Denise still has the joyous heart of a teenager who has not yet learned that she is becoming kind of sexy, and that boys are pigs. She likes water slides and cheesy amusement parks. However, I was determined to put my foot down, by which I mean I would firmly voice my objections before doing whatever my wife said.

To my surprise, Denise offered a compromise. “Look at this,” she said, handing me her computer. It was open to a picture of the Queen Mary 2, which bills itself as the only true transatlantic ocean liner. The hull is designed for speed, which also reduces wave-induced movement (less sea sickness), and there are no climbing walls or water slides on the deck. It caters to people who want to travel in comfort and style between New York and England, without suffering jet lag.

The Queen Mary’s cheapest ticket is a couple hundred dollars more than the theme park ships, but the per diem “gratuity” is less, and it makes the voyage in seven days, instead of twelve to fourteen. The net cost, therefore, is not much more than that charged by the floating circuses. “Book it!” I said.

We soon learned, however, that not sailing with the hoi polloi has a hidden cost.

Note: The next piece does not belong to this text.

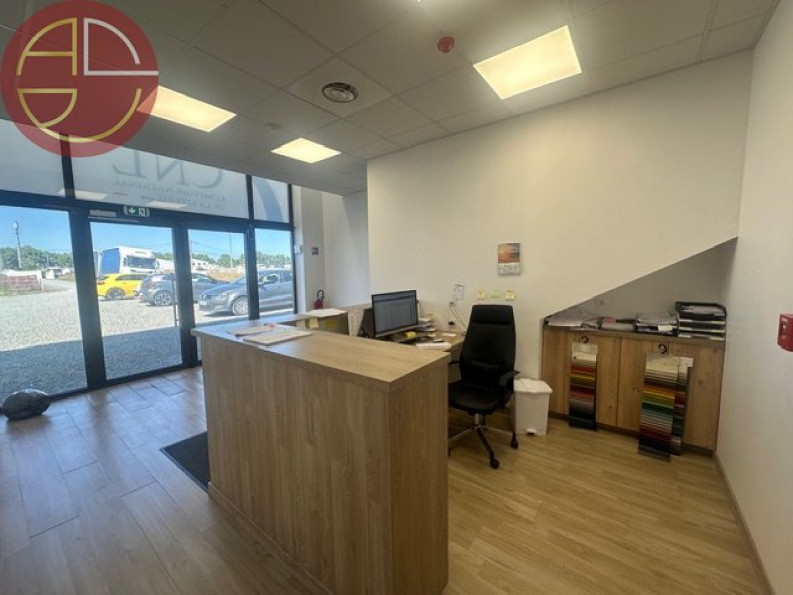 vente Entrepot Saint-jory - Photo 6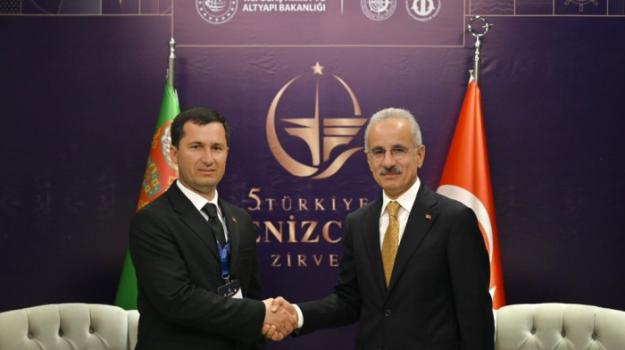 Turkmenistan and Türkiye Discuss Expanding Maritime Transport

If you are cruising, but not with hoi polloi, you probably are sailing with the hoity toity. I’m not sure which is worse.

I have been retired for nearly five years. In that time I have not worn a suit. If I wore a jacket it was to keep warm, not to mix with the “business casual” set. I swear I own a pair of black dress shoes but I can’t find them. That is concerning because we just learned that the better Queen Mary 2 dining rooms and lounges require a suit jacket, and some require a tie.

I know what you are thinking. You are thinking, “Dan, how will you tolerate the stifling horror of, for about a week, having to dress like someone who doesn’t live under a bridge?”

You are, of course, being sarcastic, and I like that about you. But what you do not know is that the hoity toitiness does not stop there. The ship will host at least two “gala nights.” These functions are black tie! Not only must I buy dress shoes, I have to acquire a tuxedo!

The good ships Hoi Polloi (left) and Hoity Toity (right)

To be sure, the cruise line FAQs make clear that passengers do not need to attend the gala nights. We don’t need to play dress up and order martinis that are shaken, not stirred.

What a load of crap! No married man will dare suggest to his wife that they should stay in their tiny room and watch TV while other women, dressed in beautiful gowns, are dancing with suave husbands and drinking martinis that have been shaken and not stirred. No sir, not if they want to wake up with all their most important parts still firmly attached.

I, for one, believe in the importance of bodily integrity. I will buy a cheap tuxedo. But I will stage a silent protest signifying my alignment with the working man, that I am not one of those blue blood hoity toity snobs. No sir.

My martini will be stirred, not shaken.